– Святой Моисей! Дурная примета! Но, знаешь ли, она в духе твоего гороскопа. Только вчера я его составил. Итак, рожденный под знаком Стрельца, ты человек ненадежный и колеблешься, как тростник на ветру. А тут еще эти подозрительные тригоны Сатурна. Да и Юпитер в этом году подкачал. Но поскольку мы с Отто вроде как твои отец и мать, то я первым преподношу тебе нечто для самозащиты. Возьми этот амулет. Когда-то я получил его от девы, чьими предками были инки. В ней текла голубая кровь, были у нее плоскостопие, вши и дар предсказывать будущее. «О, белокожий чужеземец, – сказала мне она, – этот талисман носили на себе короли, в нем заключены все силы Солнца, Земли и Луны, уж не говоря о более мелких планетах. Дай доллар серебром на водку и бери его». И дабы не обрывались звенья счастья, я передаю его тебе, Робби.
С этим он надел мне на шею крохотную черную фигурку на тонкой цепочке.
– Вот так-то! Это против горестей высшего порядка. А от повседневных неприятностей вот – шесть бутылок рому. Их дарит тебе Отто! Этот ром вдвое старше тебя!
Он развернул пакет и одну за другой поставил бутылки на стол, залитый светом утреннего солнца. Бутылки сверкали, как янтарь.
– Великолепное зрелище, – сказал я. – И где ты их только раздобыл, Отто?
Кестер рассмеялся:
– Довольно путаная история. Долго рассказывать… Лучше скажи, как ты-то себя чувствуешь? Как тридцатилетний?
Я махнул рукой.
– Да вроде бы нет – чувство такое, будто мне шестнадцать и в то же время пятьдесят. В общем, хвалиться нечем.
– И это ты называешь «хвалиться нечем»! – возразил Ленц. – Да пойми ты – выше этого вообще ничего нет. Ведь ты без чьей-либо помощи, так сказать, суверенно покорил время и проживешь целых две жизни.
Кестер внимательно смотрел на меня.
– Оставь его, Готтфрид, – сказал он. – Дни рождения ущемляют самолюбие человека. Особенно по утрам… Но ничего – постепенно он придет в себя.
Ленц сощурился.
– Чем меньше у человека самолюбия, Робби, тем большего он стоит. Тебя это утешает?
– Нет, – ответил я, – нисколько. Если человек чего-то стоит, значит, он уже как бы памятник самому себе. По-моему, это и утомительно, и скучно.
– Ты только подумай, Отто! Он философствует, – сказал Ленц. – Следовательно, он спасен. Он преодолел самое страшное – минуту безмолвия в собственный день рождения, когда человек заглядывает самому себе в глаза и внезапно обнаруживает, какой же он жалкий цыпленок… А теперь мы можем со спокойной совестью приступить к трудам праведным и смазать внутренности старого «кадиллака»…
Мы кончили работать, когда уже смеркалось. Затем умылись и переоделись. Ленц с вожделением смотрел на батарею бутылок.
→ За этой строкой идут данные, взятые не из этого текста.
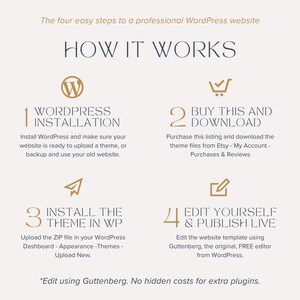 May include: An infographic titled HOW IT WORKS detailing four steps for a professional WordPress website. It includes icons for installation, purchase, theme upload, and editing. Text explains the process using WordPress and Gutenberg.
– Не свернуть ли нам шею одной из них?
– Это должен решить Робби, – сказал Кестер. – Человек получил подарок, а ты к нему с такими прозрачными намеками. Некрасиво это, Готтфрид.
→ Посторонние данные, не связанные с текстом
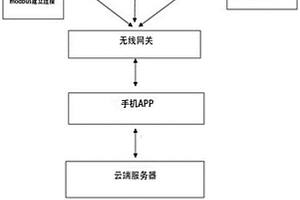 基于手機(jī)的AI智能識(shí)別缺陷的磁粉探傷系統(tǒng)及其方法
– А заставлять дарителей подыхать от жажды, по-твоему, красиво? – ответил Ленц и откупорил бутылку.
Сразу по всей мастерской разлился аромат рома.
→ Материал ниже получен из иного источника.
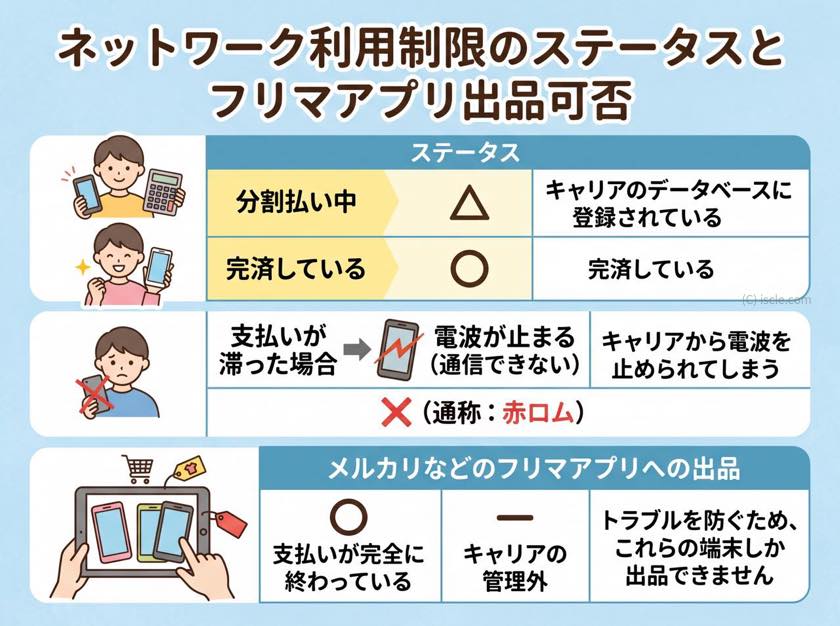 フリマアプリのネットワーク利用制限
– Святой Моисей! – воскликнул Готтфрид.
Мы стали принюхиваться.
– Не запах, а просто какая-то фантастика, Отто. Для достойных сравнений нужна самая высокая поэзия.
– Просто жалко распивать такой ром в этой конуре! – решительно заявил Ленц. – Знаете что? Поедем за город, там где-нибудь поужинаем, а бутылку прихватим с собой. Разопьем ее на природе.
– Блестящая мысль.
На руках мы откатили «кадиллак», с которым провозились почти весь день. За ним стоял довольно странный предмет на колесах. То была гордость нашей мастерской – гоночная машина Отто Кестера.